SimpleSentenceSplitter is a stateless singleton and is thread-safe.

`BreakIteratorSentenceSplitter`

BreakIteratorSentenceSplitter wraps java.text.BreakIterator for sentence segmentation. Like BreakIteratorTokenizer, it supports any locale.

⚠️ Not thread-safe. Create one instance per thread.

Basic usage

java

import smile.nlp.tokenizer.BreakIteratorSentenceSplitter;
import java.util.Locale;

// Default locale
BreakIteratorSentenceSplitter splitter = new BreakIteratorSentenceSplitter();

// Specific locale
BreakIteratorSentenceSplitter deSplitter =
        new BreakIteratorSentenceSplitter(Locale.GERMAN);

for (String sentence : deSplitter.split("Das ist ein Test. Und noch ein Satz.")) {
    System.out.println(sentence);
}
// Das ist ein Test.
// Und noch ein Satz.

Paragraph Splitter

`SimpleParagraphSplitter`

SimpleParagraphSplitter is a singleton that segments text into paragraphs by splitting on one or more blank lines. A blank line is any line containing only whitespace characters.

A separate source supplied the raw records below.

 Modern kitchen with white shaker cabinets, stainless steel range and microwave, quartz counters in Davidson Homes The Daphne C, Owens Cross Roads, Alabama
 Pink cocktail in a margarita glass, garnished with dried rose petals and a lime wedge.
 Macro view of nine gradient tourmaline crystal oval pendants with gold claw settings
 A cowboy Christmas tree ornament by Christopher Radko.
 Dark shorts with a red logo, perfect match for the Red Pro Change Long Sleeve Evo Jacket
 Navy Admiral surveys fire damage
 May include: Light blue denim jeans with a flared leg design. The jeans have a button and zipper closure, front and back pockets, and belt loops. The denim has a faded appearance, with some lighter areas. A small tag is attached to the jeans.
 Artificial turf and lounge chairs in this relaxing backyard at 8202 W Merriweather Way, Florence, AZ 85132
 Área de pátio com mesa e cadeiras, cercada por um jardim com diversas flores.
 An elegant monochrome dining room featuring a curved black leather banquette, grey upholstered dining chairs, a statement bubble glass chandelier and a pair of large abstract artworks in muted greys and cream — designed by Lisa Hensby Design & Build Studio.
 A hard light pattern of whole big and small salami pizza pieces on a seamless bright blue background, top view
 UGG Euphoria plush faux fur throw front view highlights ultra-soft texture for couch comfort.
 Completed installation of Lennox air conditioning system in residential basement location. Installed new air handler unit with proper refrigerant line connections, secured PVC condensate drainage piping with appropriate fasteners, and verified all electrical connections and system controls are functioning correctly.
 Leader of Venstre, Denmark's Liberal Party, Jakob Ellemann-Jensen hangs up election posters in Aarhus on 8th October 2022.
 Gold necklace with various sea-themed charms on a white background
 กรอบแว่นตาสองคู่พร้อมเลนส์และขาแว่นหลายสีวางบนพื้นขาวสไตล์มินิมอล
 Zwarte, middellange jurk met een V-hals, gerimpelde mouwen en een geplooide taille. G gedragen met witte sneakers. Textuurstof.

It also handles the Unicode paragraph separator character (U+2029).

Basic usage

java

import smile.nlp.tokenizer.SimpleParagraphSplitter;

SimpleParagraphSplitter splitter = SimpleParagraphSplitter.getInstance();

String document =
    "First paragraph with multiple sentences. It continues here.\n\n"
  + "Second paragraph begins after the blank line.\n\n"
  + "Third paragraph.";

for (String para : splitter.split(document)) {
    System.out.println("PARAGRAPH: " + para);
}
// PARAGRAPH: First paragraph with multiple sentences. It continues here.
// PARAGRAPH: Second paragraph begins after the blank line.
// PARAGRAPH: Third paragraph.

SimpleParagraphSplitter is stateless and thread-safe.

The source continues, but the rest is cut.